Backup withholding is not an additional tax. Rather, the United States income tax liability of persons subject to backup withholding will be reduced by the amount of tax withheld. If withholding results in an overpayment of taxes, a refund or credit may be obtained, provided that the required information is furnished to the Internal Revenue Service in a timely manner.
Foreign Accounts
Withholding taxes may be imposed under Sections 1471 to 1474 of the Internal Revenue Code (such sections commonly referred to as the Foreign Account Tax Compliance Act, or FATCA) on certain types of payments made to non-U.S. financial institutions and certain other non-U.S. entities. Specifically, a 30% withholding tax may be imposed on dividends on, and gross proceeds from the sale or other disposition of, our stock paid to a “foreign financial institution” or to a “non-financial foreign entity” (each as defined in the Internal Revenue Code), unless (i) the foreign financial institution undertakes certain diligence and reporting obligations, (ii) the non-financial foreign entity either certifies it does not have any “substantial United States owners” (as defined in the Internal Revenue Code) or furnishes identifying information regarding each substantial United States owner, or (iii) the foreign financial institution or non-financial foreign entity otherwise qualifies for an exemption from these rules. If the payee is a foreign financial institution and is subject to the diligence and reporting requirements in clause (i) above, it must enter into an agreement with the U.S. Department of the Treasury requiring, among other things, that it undertake to identify accounts held by certain “specified United States persons” or “United States-owned foreign entities” (each as defined in the Internal Revenue Code), annually report certain information about such accounts, and withhold 30% on certain payments to non-compliant foreign financial institutions and certain other account holders. Foreign financial institutions located in jurisdictions that have an intergovernmental agreement with the United States governing FATCA may be subject to different rules.
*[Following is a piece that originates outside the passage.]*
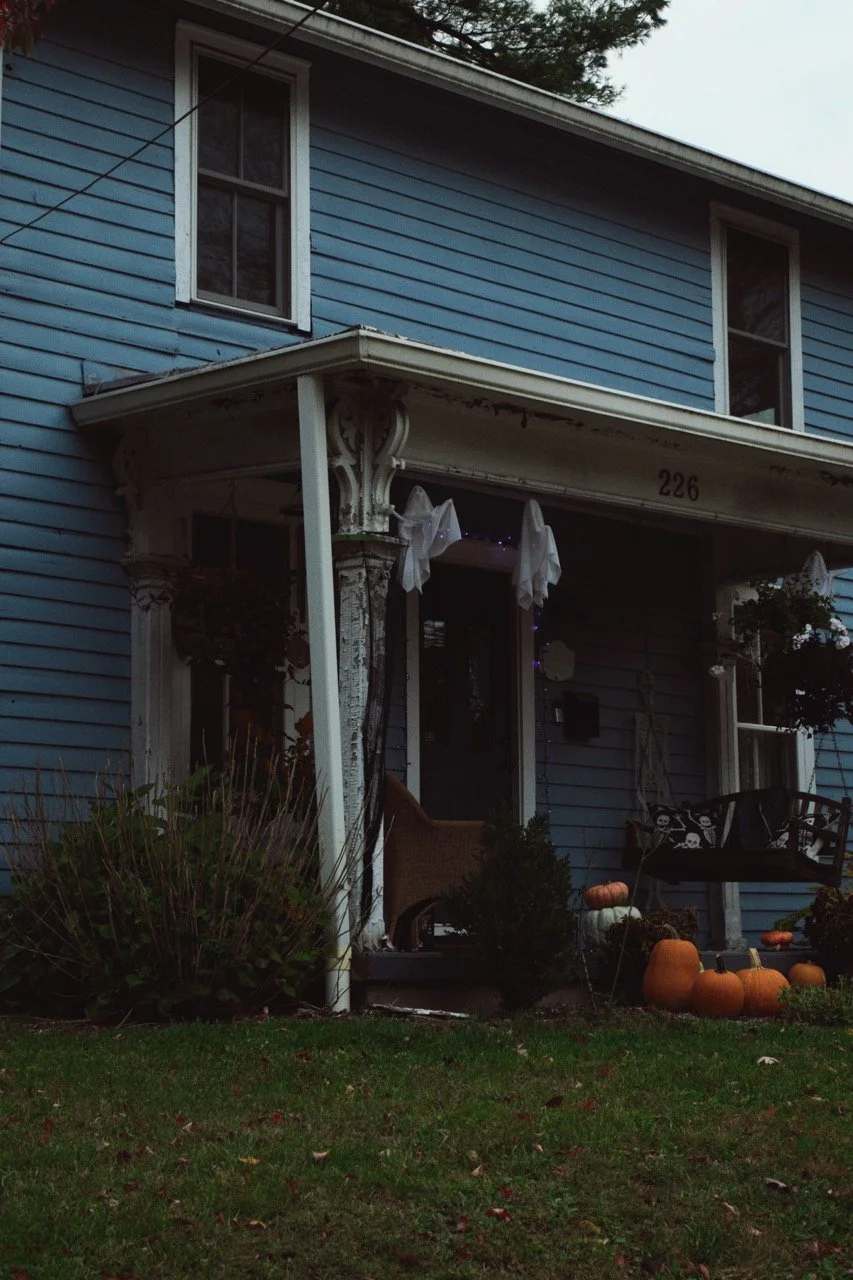 A blue two-story house with a porch decorated for Halloween and fall. There are pumpkins, a bench, hanging flowers, and Halloween-themed decorations near the entrance.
Under the applicable Treasury Regulations and administrative guidance, withholding under FATCA generally applies to payments of dividends on our stock, and will apply to payments of gross proceeds from a sale or other disposition of such stock on or after January 1, 2019. Because we may not know the extent to which a distribution is a dividend for U.S. federal income tax purposes at the time it is made, for purposes of these withholding rules we
may treat the entire distribution as a dividend. Prospective investors should consult their tax advisors regarding the potential application of withholding under FATCA to their investment in our stock.
Other Tax Consequences
We may be required to pay tax in various state or local jurisdictions, including those in which we transact business, and holders of our capital stock may be required to pay tax in various state or local jurisdictions, including those in which they reside. Our state and local tax treatment may not conform to the United States federal income tax consequences discussed above. In addition, a holder’s state and local tax treatment may not conform to the United States federal income tax consequences discussed above. Consequently, prospective investors should consult their tax advisors regarding the effect of state and local tax laws on an investment in our capital stock.